Asta · August 18, 2020, 6:41am

As far as I know, when in DDP(DistributedDataParallel), loss.backward()will synchronize gradient for all nodes in the group automatically through Reducer. However, If I do want to synchronize and update model parameters among part of nodes in some epochs, how can I manage to do that?

I would appreciate you for any hints or concrete code sample

mrshenli · August 18, 2020, 6:24pm

Hey @Asta

I see two options:

Option 1: create two DDP instances on each process and construct then using different ProcessGroup instances. One DDP instance can use the global ProcessGroup which will synchronize across all nodes, and another DDP instance can use a different ProcessGroup of a sub-group which is created using the new_group API.

Option 2: Use the DDP comm hook [code and example]. This is still a prototype feature and might change in the future.

One thing to mention is that, when you do this (sync gradients in subgroup), it will create gradient inconsistency across processes (as some process didn’t participate in some iteration).

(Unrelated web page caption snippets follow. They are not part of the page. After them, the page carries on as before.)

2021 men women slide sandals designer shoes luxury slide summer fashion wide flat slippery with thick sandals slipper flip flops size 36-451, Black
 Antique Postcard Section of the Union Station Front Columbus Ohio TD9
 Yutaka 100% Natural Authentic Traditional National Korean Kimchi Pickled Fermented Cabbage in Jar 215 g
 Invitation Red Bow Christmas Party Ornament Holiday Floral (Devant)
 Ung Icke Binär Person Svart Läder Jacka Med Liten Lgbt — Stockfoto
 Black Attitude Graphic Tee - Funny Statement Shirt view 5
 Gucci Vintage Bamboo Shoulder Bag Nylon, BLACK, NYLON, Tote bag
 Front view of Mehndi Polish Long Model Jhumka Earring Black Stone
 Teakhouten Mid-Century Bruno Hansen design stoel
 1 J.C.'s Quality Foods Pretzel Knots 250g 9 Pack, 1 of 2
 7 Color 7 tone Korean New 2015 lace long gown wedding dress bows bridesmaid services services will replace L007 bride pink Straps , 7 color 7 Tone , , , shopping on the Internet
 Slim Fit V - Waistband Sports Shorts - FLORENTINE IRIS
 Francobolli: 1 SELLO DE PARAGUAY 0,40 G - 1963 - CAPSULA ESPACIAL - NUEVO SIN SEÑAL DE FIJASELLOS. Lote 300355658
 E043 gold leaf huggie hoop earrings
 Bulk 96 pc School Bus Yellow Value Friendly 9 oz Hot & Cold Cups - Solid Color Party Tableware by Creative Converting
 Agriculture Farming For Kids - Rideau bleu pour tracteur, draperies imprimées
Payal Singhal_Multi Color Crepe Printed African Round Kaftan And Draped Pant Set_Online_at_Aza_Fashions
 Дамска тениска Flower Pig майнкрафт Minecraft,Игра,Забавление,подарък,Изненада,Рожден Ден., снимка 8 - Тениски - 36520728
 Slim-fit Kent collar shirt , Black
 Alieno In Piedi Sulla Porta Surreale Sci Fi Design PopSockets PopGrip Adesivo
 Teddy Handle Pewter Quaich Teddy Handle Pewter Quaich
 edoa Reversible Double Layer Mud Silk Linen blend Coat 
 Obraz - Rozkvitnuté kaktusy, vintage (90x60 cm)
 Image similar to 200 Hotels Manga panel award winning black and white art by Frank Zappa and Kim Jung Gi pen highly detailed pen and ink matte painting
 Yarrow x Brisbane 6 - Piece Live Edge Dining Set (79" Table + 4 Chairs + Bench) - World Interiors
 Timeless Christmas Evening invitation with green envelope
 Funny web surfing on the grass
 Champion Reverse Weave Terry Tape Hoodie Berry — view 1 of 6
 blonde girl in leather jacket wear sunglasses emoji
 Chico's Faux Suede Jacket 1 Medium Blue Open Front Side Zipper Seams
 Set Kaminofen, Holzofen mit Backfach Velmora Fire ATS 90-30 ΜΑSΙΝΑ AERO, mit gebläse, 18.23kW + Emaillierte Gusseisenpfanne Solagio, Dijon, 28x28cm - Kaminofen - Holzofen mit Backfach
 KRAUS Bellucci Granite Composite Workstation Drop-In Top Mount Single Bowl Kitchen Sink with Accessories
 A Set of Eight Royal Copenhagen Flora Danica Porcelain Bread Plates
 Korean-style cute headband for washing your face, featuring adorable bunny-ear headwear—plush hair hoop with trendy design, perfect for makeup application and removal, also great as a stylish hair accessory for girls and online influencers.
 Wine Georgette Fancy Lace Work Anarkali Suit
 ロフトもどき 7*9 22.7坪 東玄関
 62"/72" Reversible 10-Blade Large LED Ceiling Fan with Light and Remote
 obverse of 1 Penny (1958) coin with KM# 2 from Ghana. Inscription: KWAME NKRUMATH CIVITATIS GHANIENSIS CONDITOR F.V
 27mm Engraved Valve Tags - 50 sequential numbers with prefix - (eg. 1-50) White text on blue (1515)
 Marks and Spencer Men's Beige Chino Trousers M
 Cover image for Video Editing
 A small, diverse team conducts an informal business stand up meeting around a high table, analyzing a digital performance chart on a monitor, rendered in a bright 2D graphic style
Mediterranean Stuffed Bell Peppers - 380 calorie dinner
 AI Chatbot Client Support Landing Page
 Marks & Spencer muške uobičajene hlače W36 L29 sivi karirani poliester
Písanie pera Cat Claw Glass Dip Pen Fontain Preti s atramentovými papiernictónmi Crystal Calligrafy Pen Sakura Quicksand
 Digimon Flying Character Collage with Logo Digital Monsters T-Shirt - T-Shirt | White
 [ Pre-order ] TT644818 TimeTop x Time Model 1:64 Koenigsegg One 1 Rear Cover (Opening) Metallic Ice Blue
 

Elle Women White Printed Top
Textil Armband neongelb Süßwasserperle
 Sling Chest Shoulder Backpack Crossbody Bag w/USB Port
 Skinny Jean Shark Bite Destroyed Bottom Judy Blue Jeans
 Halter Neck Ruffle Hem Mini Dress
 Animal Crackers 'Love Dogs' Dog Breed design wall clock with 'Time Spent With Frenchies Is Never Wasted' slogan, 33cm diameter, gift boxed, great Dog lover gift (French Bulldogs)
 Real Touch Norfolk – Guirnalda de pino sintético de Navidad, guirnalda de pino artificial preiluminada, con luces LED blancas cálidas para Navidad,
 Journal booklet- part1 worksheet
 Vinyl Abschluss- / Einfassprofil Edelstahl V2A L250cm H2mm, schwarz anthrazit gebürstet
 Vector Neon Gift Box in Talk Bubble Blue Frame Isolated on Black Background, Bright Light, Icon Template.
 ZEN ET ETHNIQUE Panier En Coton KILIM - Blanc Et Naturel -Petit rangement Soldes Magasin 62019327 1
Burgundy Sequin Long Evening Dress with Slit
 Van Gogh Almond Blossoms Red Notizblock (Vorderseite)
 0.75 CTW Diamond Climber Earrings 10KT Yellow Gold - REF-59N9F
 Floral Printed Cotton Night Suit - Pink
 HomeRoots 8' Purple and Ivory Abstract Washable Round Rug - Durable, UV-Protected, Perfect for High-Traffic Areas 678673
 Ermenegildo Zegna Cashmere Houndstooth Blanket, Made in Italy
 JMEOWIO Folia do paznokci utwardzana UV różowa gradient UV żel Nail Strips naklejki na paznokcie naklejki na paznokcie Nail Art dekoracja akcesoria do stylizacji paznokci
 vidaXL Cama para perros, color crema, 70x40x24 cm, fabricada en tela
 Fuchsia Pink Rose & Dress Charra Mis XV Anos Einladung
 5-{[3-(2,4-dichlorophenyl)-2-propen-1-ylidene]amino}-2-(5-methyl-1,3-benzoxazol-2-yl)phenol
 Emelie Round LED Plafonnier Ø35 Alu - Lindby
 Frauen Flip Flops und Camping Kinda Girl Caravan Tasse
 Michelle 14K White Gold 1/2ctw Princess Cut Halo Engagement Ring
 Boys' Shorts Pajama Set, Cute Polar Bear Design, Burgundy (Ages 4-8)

This would then lead to inconsistency in model replicas on different processes. DDP only broadcasts model in its ctor. To keep all model replicas consistent, it relies on the assumption that all processes see the same gradient in all iterations. So, if you do partial sync, you might also need to manually broadcast model to bring all processes back to sync, otherwise the result might be numerically incorrect.